Thanks to everyone for helping keep the forum clean of spam and other junk. There are only three of us helping run the forum now so your added eyes are generally appreciated.

Anyone wanna be a mod? The pay sucks and people yell at you for stuff... well the pay is zero actually lol


----------



## cdbright (Aug 24, 2016)

ahhhhh my diesel forum did this and i never go back on it


----------



## KineKilla (Jan 28, 2011)

It is the same as Archery Talk now. It will work....


----------



## Lone_Hunter (Oct 25, 2017)

Was there a reason for the change in forum software? Asthetically, this sucks.


----------



## Critter (Mar 20, 2010)

If you don't like the white background you can change it to a dark background with white lettering. 

In the upper right hand corner there are three dots. Click on this and then select dark mode at the bottom of the box.


----------



## Lone_Hunter (Oct 25, 2017)

Critter said:


> If you don't like the white background you can change it to a dark background with white lettering.
> 
> In the upper right hand corner there are three dots. Click on this and then select dark mode at the bottom of the box.


That helps. Thanks.


----------



## Critter (Mar 20, 2010)

Lone_Hunter said:


> That helps. Thanks.


I'm on a couple other forums that has this same format and I can not see why they don't make the dark mode as the default. Very few like the light mode.


----------



## pollo70 (Aug 15, 2016)

Trying to adjust to it.


----------



## dubob (Sep 8, 2007)

I opened it up yesterday and the first thing that popped into my mind was "WTF; over?" My signature block was toast and none of the formatting I used in the past was present. I fixed my signature block, but there is no way I'll ever fix the loss of formatting. Other than that, I'm not bothered by the change. I'll just have to learn how to post using the formatting I like to use. Can you add 'Comic Sans MS' to the font choices? Can you add 'Maroon' (128, 0, 0; or #800000) to the color choices? 😁


----------



## Critter (Mar 20, 2010)

dubob said:


> I opened it up yesterday and the first thing that popped into my mind was "WTF; over?" My signature block was toast and none of the formatting I used in the past was present. I fixed my signature block, but there is no way I'll ever fix the loss of formatting. Other than that, I'm not bothered by the change. I'll just have to learn how to post using the formatting I like to use. Can you add 'Comic Sans MS' to the font choices? Can you add 'Maroon' (128, 0, 0; or #800000) to the color choices? 😁


That's quite easy to read if you know how.........I do agree that the choice of colors suck and if you are using dark mode they suck even more.


----------



## dubob (Sep 8, 2007)

Critter said:


> . . . . . .if you are using dark mode they suck even more.


Yep!


----------



## Vanilla (Dec 11, 2009)

It looks different and will take some getting used to, but overall I like it. I was fiddling with the picture posting options and I think that is going to be way better.


----------



## Bax* (Dec 14, 2008)

Dark mode really does make Bob’s posts hard to read.
Bob, maybe you could change to yellow for those of us in dark mode so it drives everyone nuts that use light mode?


----------



## middlefork (Nov 2, 2008)

Bob and Pollo are the only two I remember that like to change the font colors for posts and some could be hard to read before.

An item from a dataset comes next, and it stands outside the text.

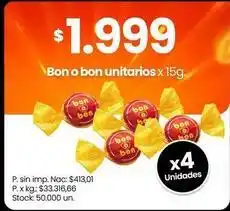 Changomas Bon o bon - bon o bon unitarios oferta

That said the dark mode makes all the difference in appearance.


----------



## Critter (Mar 20, 2010)

If the poster has a color that is hard to read just highlight the post like you were going to copy it, then you can read it no matter what color he has chosen.


----------



## JerryH (Jun 17, 2014)

A day into it and its getting better. It does upload much faster than the old desktop.

I'm glad Bob can still post in red. I can only handle so much change lol


----------



## dubob (Sep 8, 2007)

Bax* said:


> Bob, maybe you could change to yellow for those of us in dark mode so it drives everyone nuts that use light mode?


----------



## BigT (Mar 11, 2011)

Critter said:


> If you don't like the white background you can change it to a dark background with white lettering.
> 
> In the upper right hand corner there are three dots. Click on this and then select dark mode at the bottom of the box.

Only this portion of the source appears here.